Outside of tutoring I enjoy playing video games, particularly puzzle and strategy games, and being outdoors, discovering the area around me.
Education & Certification
Undergraduate Degree: Brigham Young University-Provo - Current Undergrad, Physical Science Teaching
On my spare time I enjoy playing video games, particularly puzzle and strategy games, playing board games, and being outdoors. Having recently moved it is great to get out and explore what the area has to offer.
What is your teaching philosophy?
A student needs to be both challenged and supported. Rather than being given the answer to a problem, a student should be helped to see a method they can use on any problem they encounter, with concrete steps to take out the guess work.
What might you do in a typical first session with a student?
I spend some time discussing with the student his or her strengths and weaknesses, as well as his or her interests outside of the subject area. That will give me a good idea where to start and what kinds of examples to use to help the student start to work on the problems they are facing.
How can you help a student become an independent learner?
I can help a student become an independent learner by helping them learn processes, rather than memorizing facts and figures. If a student understand the process necessary to solve a problem, rather than having just memorized a list of stats, they will be able to take control of their own education.
How would you help a student stay motivated?
I would help a student stay motivated by helping them track and see their progress.
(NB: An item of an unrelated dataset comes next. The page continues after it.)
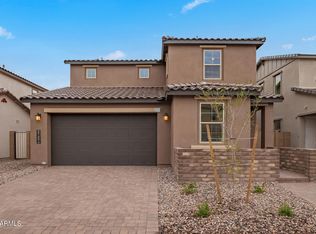 21486 E Timberline Rd, Queen Creek, AZ 85142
It is hard to stay motivated when you don't feel like you're accomplishing your goal, so I would help a student set measurable goals in their studies, letting them track and see progress.
If a student has difficulty learning a skill or concept, what would you do?
If a student is having a hard time on a concept, I would start by asking questions about the underlying ideas necessary to complete the problem they are facing. Often, difficulty in a new area results from either not having a firm grasp of the underlying principles or not seeing how they connect to the new task.
How would you help a student get excited/engaged with a subject that they are struggling in?
Getting engaged in a subject is often a matter of seeing how it relates to your own interests and connecting underlying principles. Therefore, to help a student get excited about a subject, I would first find out what they are interested in outside of academics and find ways to relate those interests to the task at hand, helping them see that there is more to it than just memorizing facts and figures.
What techniques would you use to be sure that a student understands the material?
After working with a student, I would be sure to ask related follow-up questions to make sure they understand what they've been studying. The questions would not be a verbatim repeat of questions they've already answered, but similar questions that would require the student to follow similar processes to reach the correct answer.
How do you build a student's confidence in a subject?
I help a student build confidence by helping them see the progress they are making and giving them proper praise for work well done. Not only will I point out to them how they have improved, but I will also help them set their own measurable goals to see that they are indeed getting better.
How do you evaluate a student's needs?
The best way to evaluate a student's needs is by asking questions. What areas is the student doing well in? What areas are they struggling in? Are there specific parts of the subject that they are aware they don't understand? It is also helpful to look over previous work to see where any mistakes might be made.
How do you adapt your tutoring to the student's needs?
Adapting to needs requires first knowing what those needs are. Once I'm aware of where the student is in the subject, I can then help them scaffold their understanding, building on principles they already understand. One student might have a strong understanding of the conceptual material, but not of the equations used to solve a problem, and another student might find themselves in the opposite corner.